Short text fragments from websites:
——————
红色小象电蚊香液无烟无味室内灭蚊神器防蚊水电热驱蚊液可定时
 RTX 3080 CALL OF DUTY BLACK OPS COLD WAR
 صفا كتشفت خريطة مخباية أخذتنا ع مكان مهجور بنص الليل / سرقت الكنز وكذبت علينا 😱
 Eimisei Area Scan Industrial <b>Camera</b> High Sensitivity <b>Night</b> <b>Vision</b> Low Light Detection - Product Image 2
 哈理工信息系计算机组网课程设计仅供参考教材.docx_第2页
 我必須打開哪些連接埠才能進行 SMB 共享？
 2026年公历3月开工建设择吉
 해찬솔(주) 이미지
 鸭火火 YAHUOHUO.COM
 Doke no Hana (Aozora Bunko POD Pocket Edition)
——————
• Exercise prompt: What you copy out must be exactly the lines from the line containing "RTX 3080 CALL OF DUTY BLACK OPS COLD WAR" through the end of the records.

• Exercise response:
 RTX 3080 CALL OF DUTY BLACK OPS COLD WAR
 صفا كتشفت خريطة مخباية أخذتنا ع مكان مهجور بنص الليل / سرقت الكنز وكذبت علينا 😱
 Eimisei Area Scan Industrial <b>Camera</b> High Sensitivity <b>Night</b> <b>Vision</b> Low Light Detection - Product Image 2
 哈理工信息系计算机组网课程设计仅供参考教材.docx_第2页
 我必須打開哪些連接埠才能進行 SMB 共享？
 2026年公历3月开工建设择吉
 해찬솔(주) 이미지
 鸭火火 YAHUOHUO.COM
 Doke no Hana (Aozora Bunko POD Pocket Edition)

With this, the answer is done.